During an in limine hearing, the prosecutor asked the trial court to allow Mary's family members and friends to wear T-Shirts in the courtroom memorializing Mary. The graphic on the front of the proposed T-shirts had Mary's name in the middle, surrounded by numerous positive adjectives and nouns. The graphic on the back of the proposed T-shirts said, "In Loving Memory" and Mary's full name. The trial court ruled that it would not allow the graphic proposed for the front of the T-shirts because it would be impermissibly testimonial, but after taking the matter under submission for several days, the trial court ruled immediately before opening statements began that it would allow the graphic on the back of the T-shirts stating, "In Loving Memory" of Mary. Trial proceeded, and defense counsel made no record as to whether the T-shirts were, in fact, printed and worn in the courtroom during trial in the presence of the jurors.

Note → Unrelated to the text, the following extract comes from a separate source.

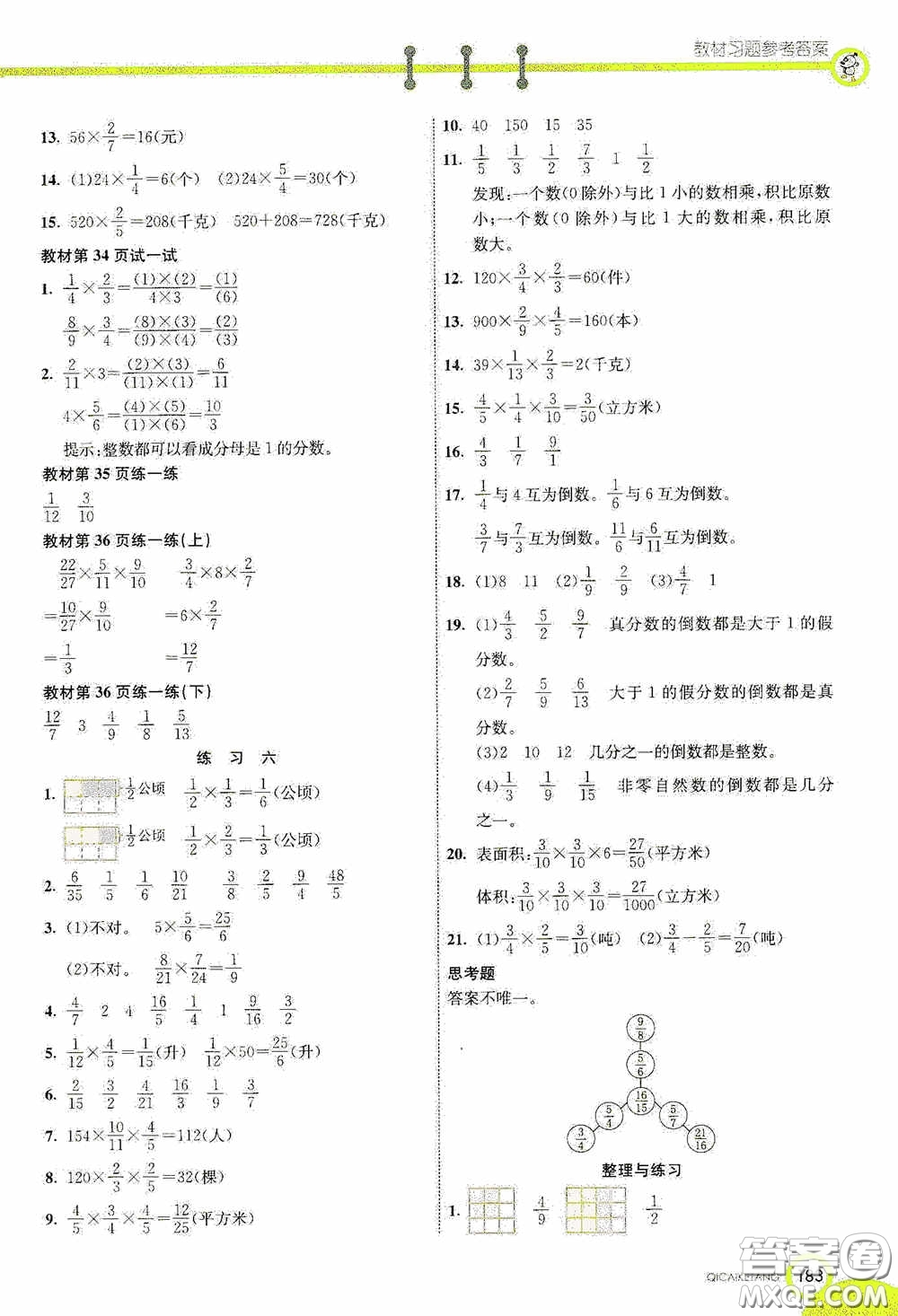 河北教育出版社2020七彩課堂六年級(jí)數(shù)學(xué)上冊(cè)蘇教版答案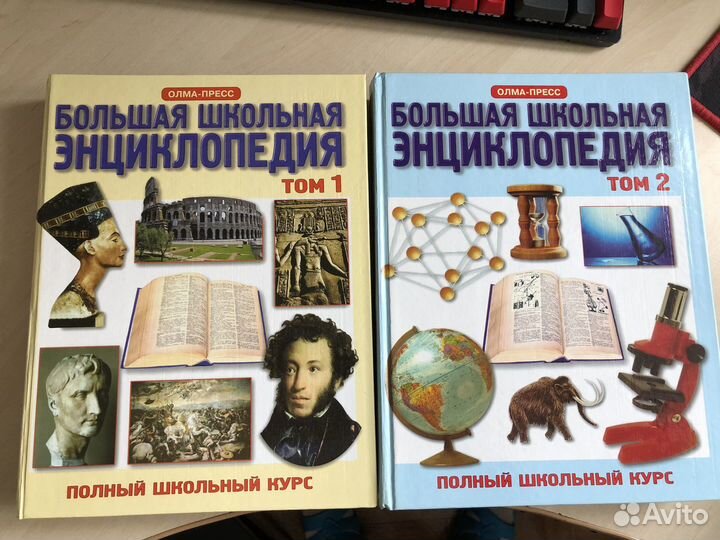 Большая школьная энциклопедия в 2-х томах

In Faanunu's opening appellate brief, he argues that the trial court erred in allowing the T-shirts with the graphic stating "In Loving Memory" of Mary because the display of the T-shirts in the presence of the jurors deprived Faanunu of his right to a fair trial. Faanunu's argument is based on the principle that " '[t]he right to a fair trial is a fundamental liberty secured by the Fourteenth Amendment' " and "[b]ecause the presumption that a defendant is innocent until proved guilty is a 'basic component of a fair trial under our system of criminal justice,' 'courts must be alert to factors that may undermine the fairness of the fact-finding process' and 'must carefully guard against dilution of the principle that guilt is to be established by probative evidence and beyond a reasonable doubt.' " (People v. Zielesch (2009) 179 Cal.App.4th 731, 744 (Zielesch).)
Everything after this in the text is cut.